A empresa acrescentou que levou em consideração feedbacks dos próprios jogadores no desenvolvimento dos uniformes e garantiu que os rasgos não comprometem o desempenho em campo. O argumento é tecnicamente defensável — tecidos mais leves tendem a ser menos resistentes ao atrito e à tração. O problema é que a Copa do Mundo não é um ambiente controlado de laboratório. É um campo de futebol com 22 jogadores disputando cada centímetro de espaço.

O trade-off que a Puma subestimou

Nos anos 1990, as camisas de futebol eram feitas de poliéster mais denso — pesado, quente, desconfortável — mas raramente rasgavam em campo. A camisa do Brasil na Copa de 1994, fornecida pela Umbro, pesava cerca de 250 gramas. Os uniformes atuais de alta performance chegam a pesar menos de 100 gramas. A evolução tecnológica é real, mas a física não negocia: quanto mais fino o tecido, menor sua resistência ao estresse mecânico.

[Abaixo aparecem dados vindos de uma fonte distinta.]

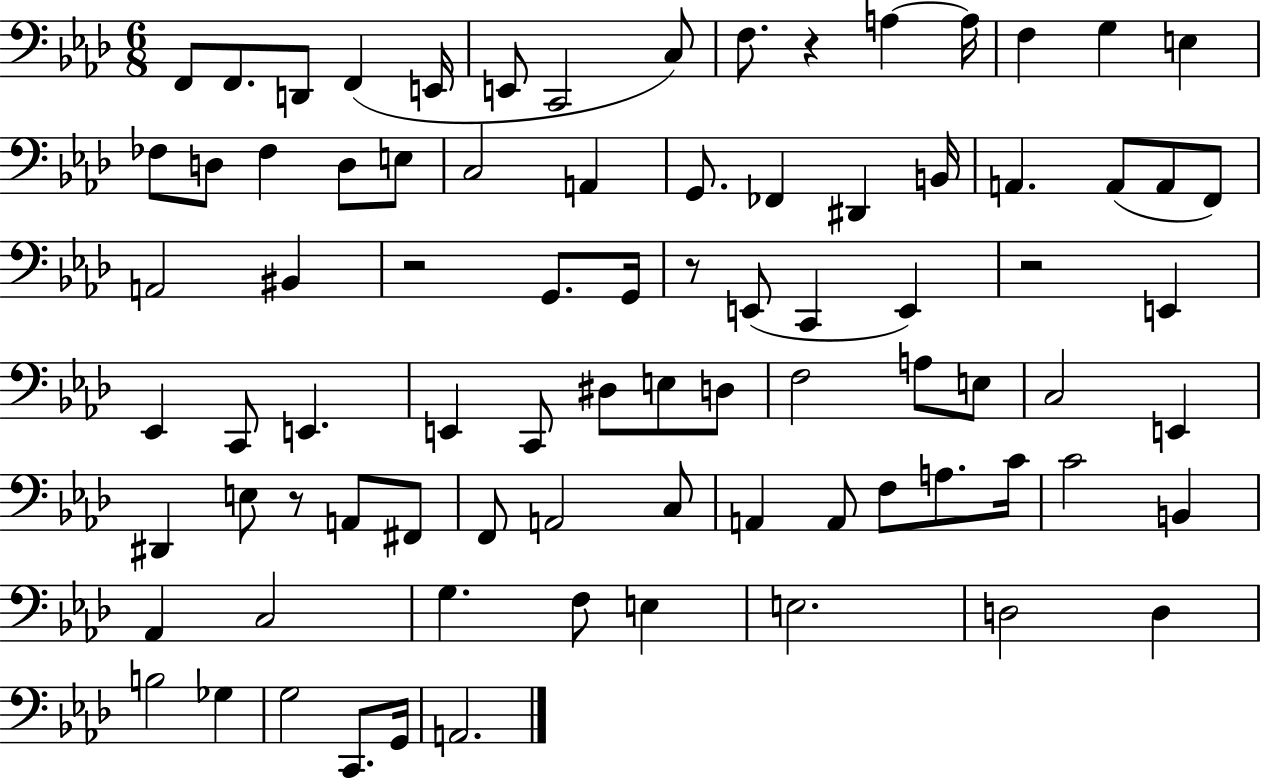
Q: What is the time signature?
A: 6/8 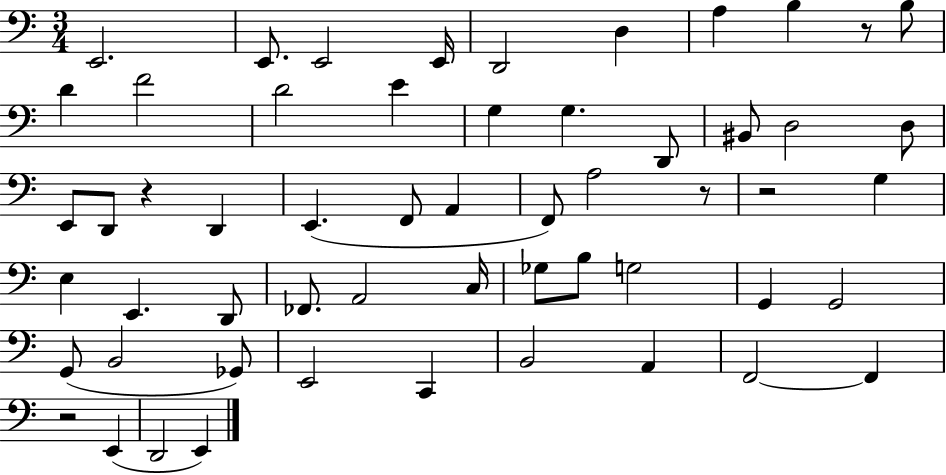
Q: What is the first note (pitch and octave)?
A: E2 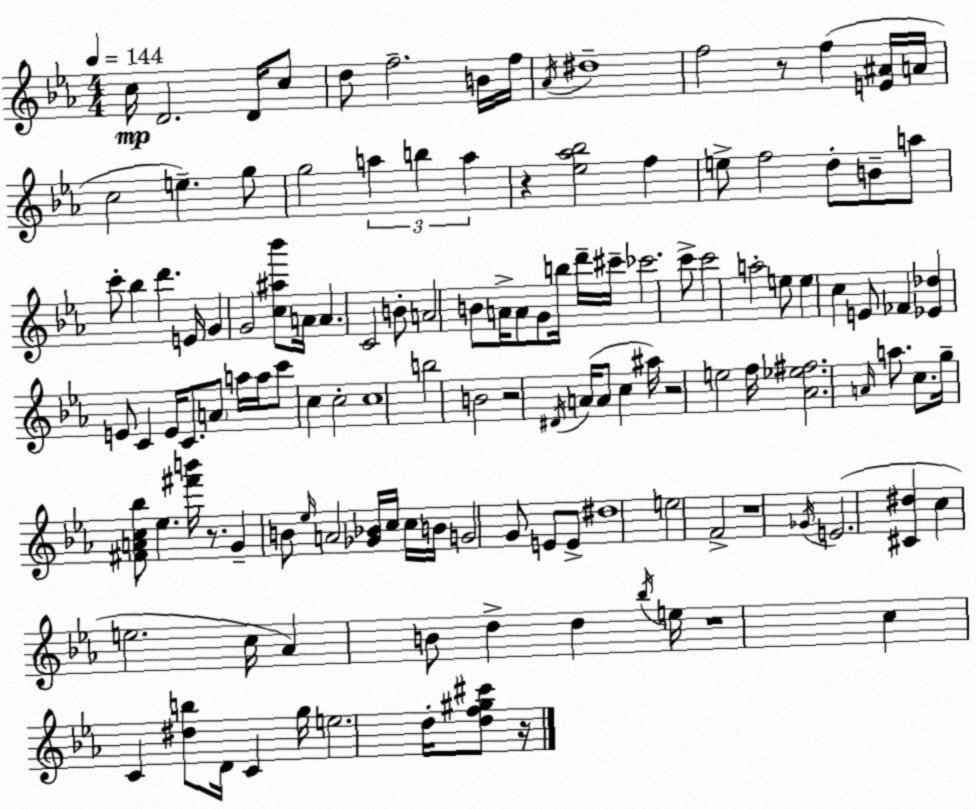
X:1
T:Untitled
M:4/4
L:1/4
K:Cm
c/4 D2 D/4 c/2 d/2 f2 B/4 f/4 _A/4 ^d4 f2 z/2 f [E^A]/4 A/4 c2 e g/2 g2 a b a z [_e_a_b]2 f e/2 f2 d/2 B/2 a/2 c'/2 _b d' E/4 G G2 [c^a_b']/2 A/4 A C2 B/2 A2 B/2 A/4 A/2 G/2 b/4 d'/4 ^c'/4 _c'2 c'/2 c'2 a2 e/2 e c E/2 _F [_E_d] E/2 C E/4 C/2 A/2 a/4 a/4 c'/2 c c2 c4 b2 B2 z2 ^D/4 A/4 A/2 c ^a/4 z2 e2 f/4 [_A_e^f]2 A/4 a/2 c/2 g/4 [^FAc_b]/2 _e [^f'b']/4 z/2 G B/2 _e/4 A2 [_G_B]/4 c/4 c/4 B/4 G2 G/2 E/2 E/2 ^d4 e2 F2 z4 _G/4 E2 [^C^d] c e2 c/4 _A B/2 d d _b/4 e/4 z4 c C [^db]/2 D/4 C g/4 e2 d/4 [df^g^c']/2 z/4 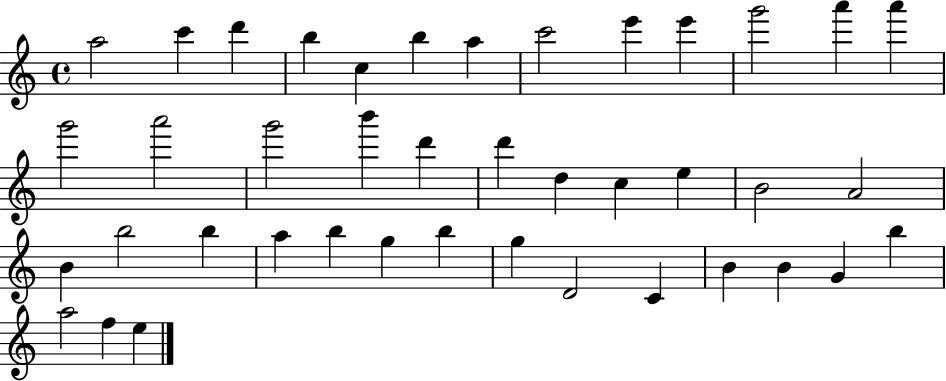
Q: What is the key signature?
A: C major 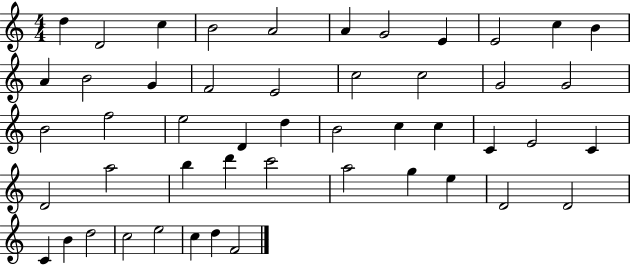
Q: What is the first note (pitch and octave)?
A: D5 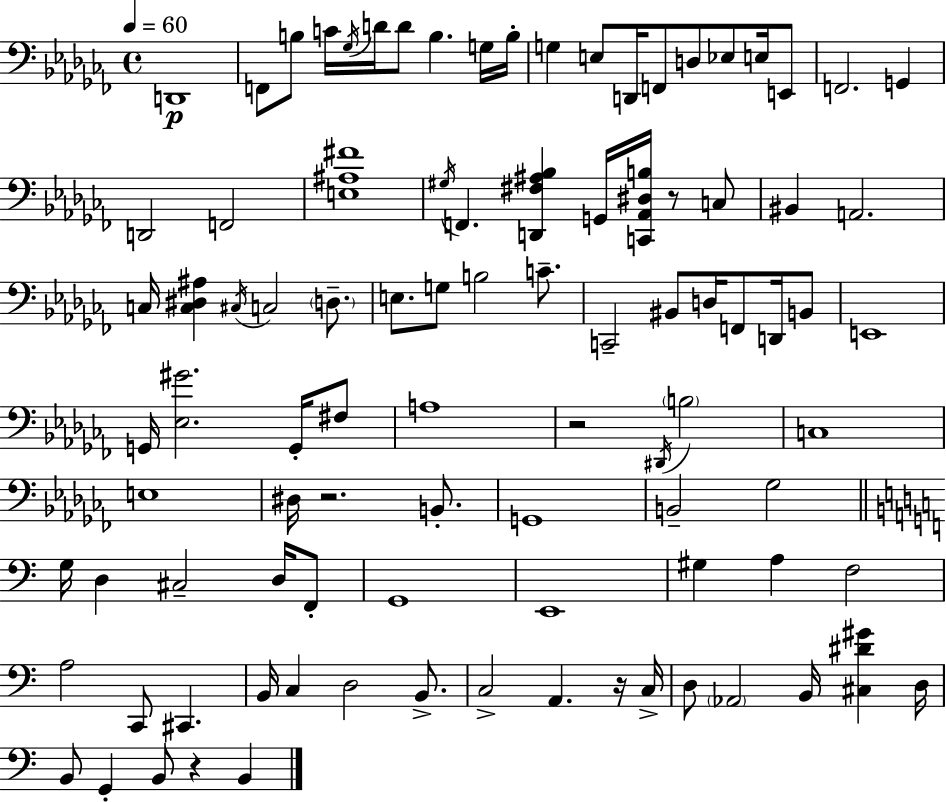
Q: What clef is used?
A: bass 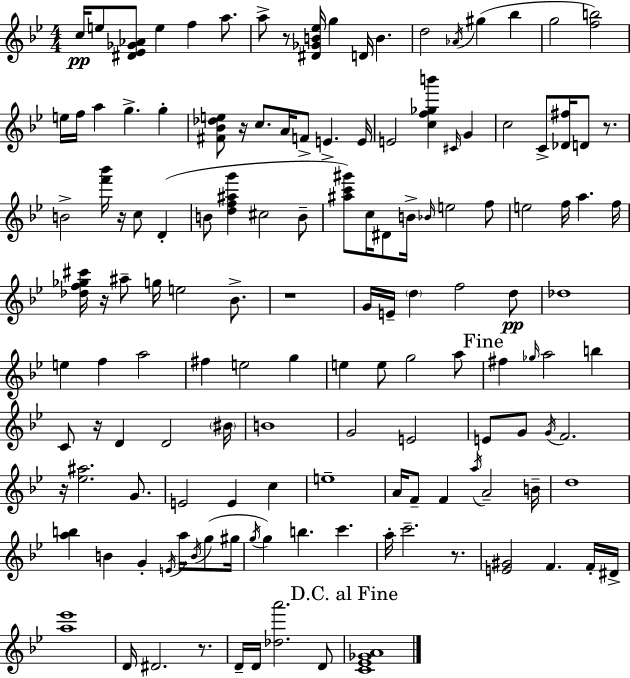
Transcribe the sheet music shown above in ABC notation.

X:1
T:Untitled
M:4/4
L:1/4
K:Bb
c/4 e/2 [^D_E_G_A]/2 e f a/2 a/2 z/2 [^D_GB_e]/4 g D/4 B d2 _A/4 ^g _b g2 [fb]2 e/4 f/4 a g g [^F_B_de]/2 z/4 c/2 A/4 F/2 E E/4 E2 [cf_gb'] ^C/4 G c2 C/2 [_D^f]/4 D/2 z/2 B2 [f'_b']/4 z/4 c/2 D B/2 [df^ag'] ^c2 B/2 [^ac'^g']/2 c/4 ^D/2 B/4 _B/4 e2 f/2 e2 f/4 a f/4 [_df_g^c']/4 z/4 ^a/2 g/4 e2 _B/2 z4 G/4 E/4 d f2 d/2 _d4 e f a2 ^f e2 g e e/2 g2 a/2 ^f _g/4 a2 b C/2 z/4 D D2 ^B/4 B4 G2 E2 E/2 G/2 G/4 F2 z/4 [_e^a]2 G/2 E2 E c e4 A/4 F/2 F a/4 A2 B/4 d4 [ab] B G E/4 a/4 B/4 g/2 ^g/4 g/4 g b c' a/4 c'2 z/2 [E^G]2 F F/4 ^D/4 [a_e']4 D/4 ^D2 z/2 D/4 D/4 [_da']2 D/2 [C_E_GA]4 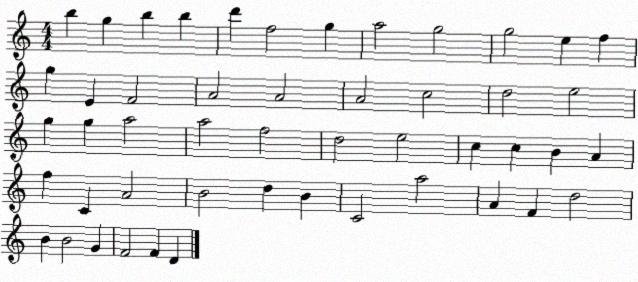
X:1
T:Untitled
M:4/4
L:1/4
K:C
b g b b d' f2 g a2 g2 g2 e f g E F2 A2 A2 A2 c2 d2 e2 g g a2 a2 f2 d2 e2 c c B A f C A2 B2 d B C2 a2 A F d2 B B2 G F2 F D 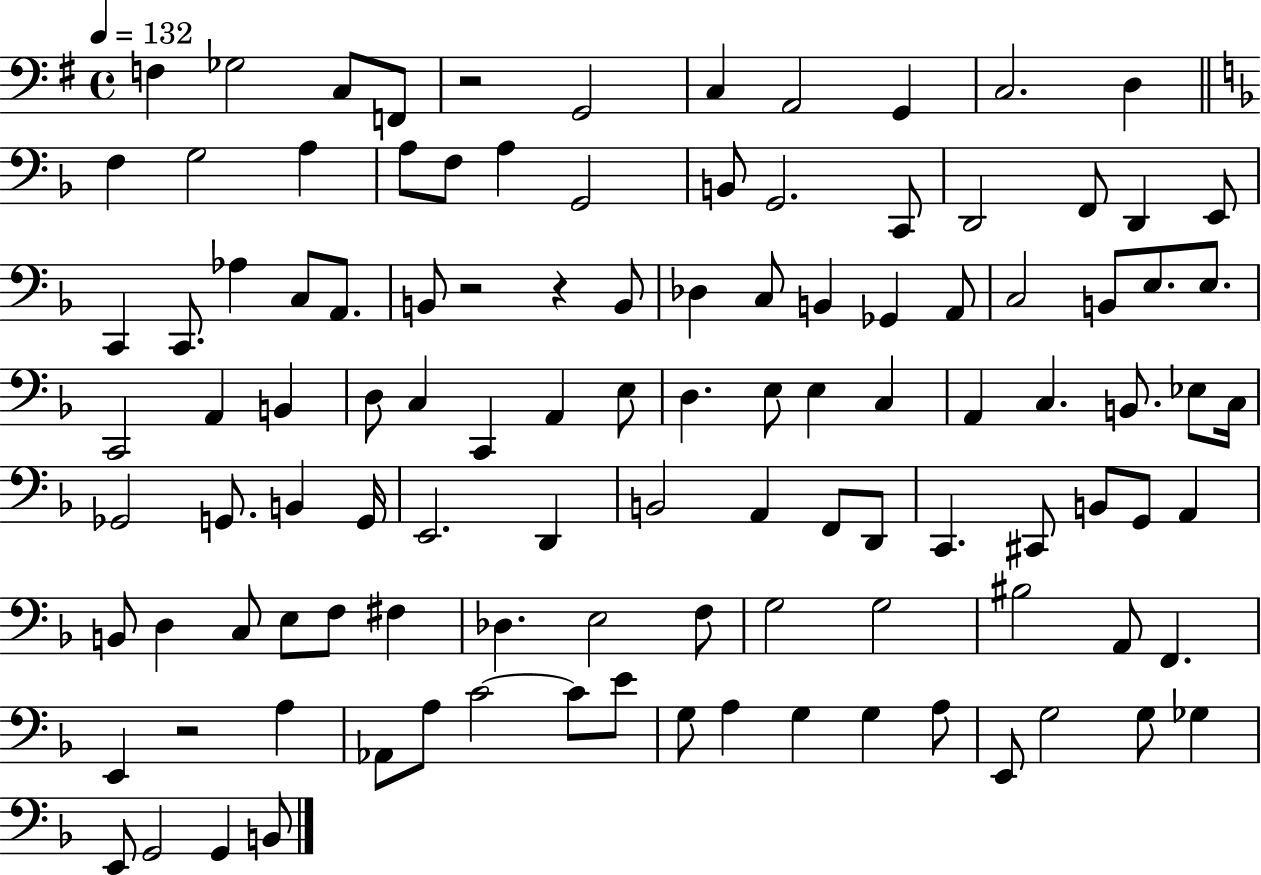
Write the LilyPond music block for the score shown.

{
  \clef bass
  \time 4/4
  \defaultTimeSignature
  \key g \major
  \tempo 4 = 132
  f4 ges2 c8 f,8 | r2 g,2 | c4 a,2 g,4 | c2. d4 | \break \bar "||" \break \key f \major f4 g2 a4 | a8 f8 a4 g,2 | b,8 g,2. c,8 | d,2 f,8 d,4 e,8 | \break c,4 c,8. aes4 c8 a,8. | b,8 r2 r4 b,8 | des4 c8 b,4 ges,4 a,8 | c2 b,8 e8. e8. | \break c,2 a,4 b,4 | d8 c4 c,4 a,4 e8 | d4. e8 e4 c4 | a,4 c4. b,8. ees8 c16 | \break ges,2 g,8. b,4 g,16 | e,2. d,4 | b,2 a,4 f,8 d,8 | c,4. cis,8 b,8 g,8 a,4 | \break b,8 d4 c8 e8 f8 fis4 | des4. e2 f8 | g2 g2 | bis2 a,8 f,4. | \break e,4 r2 a4 | aes,8 a8 c'2~~ c'8 e'8 | g8 a4 g4 g4 a8 | e,8 g2 g8 ges4 | \break e,8 g,2 g,4 b,8 | \bar "|."
}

A Puma — fundada em 1948 em Herzogenaurach, na Alemanha, pela mesma família que criou a Adidas — apostou nesta Copa em um material ultraleve de nova geração, desenvolvido ao longo de múltiplas gerações de produtos. O tecido foi otimizado para o calor norte-americano, com ventilação máxima e peso mínimo. O trade-off entre leveza e resistência, porém, foi calculado de forma que o campo de jogo — com suas disputas físicas, puxões e enroscamentos — acabou sendo mais severo do que o previsto nos testes da marca.

Jogadores reclamaram da fragilidade do material. A sensação descrita nos bastidores — segundo relatos que circularam entre as delegações — era de usar algo próximo a papel. Uma camisa que se comporta bem durante aquecimentos e treinos controlados, mas que cede quando um marcador agarra o uniforme em velocidade máxima. Esse é o ambiente real de uma Copa do Mundo, e a diferença entre o laboratório e o gramado ficou exposta para o mundo ver.

O impacto na imagem da Puma vai além desta Copa

Há uma ironia cruel na situação. A Puma investiu anos de pesquisa para entregar o uniforme mais leve da história da marca justamente no torneio de maior visibilidade do planeta — e o resultado foi uma série de imagens virais de camisas rasgadas, jogadores trocando de uniforme em campo e uma nota oficial que, ao tentar explicar, acabou confirmando a fragilidade do produto.

A marca alemã, que compete diretamente com Nike e Adidas pelo mercado de fornecimento de seleções, sai desta Copa com uma pergunta difícil de responder: o que pesa mais para um jogador profissional — uma camisa 20 gramas mais leve ou a certeza de que o uniforme vai aguentar 90 minutos de disputa física intensa? Os cinco rasgos registrados até agora sugerem que a resposta dos atletas pode ser diferente da que a Puma esperava ouvir. A marca tem contratos com seleções que se estendem além deste Mundial — e a renegociação dos termos técnicos desses acordos, à luz do que aconteceu nos gramados dos EUA, deve ser o próximo capítulo desta história.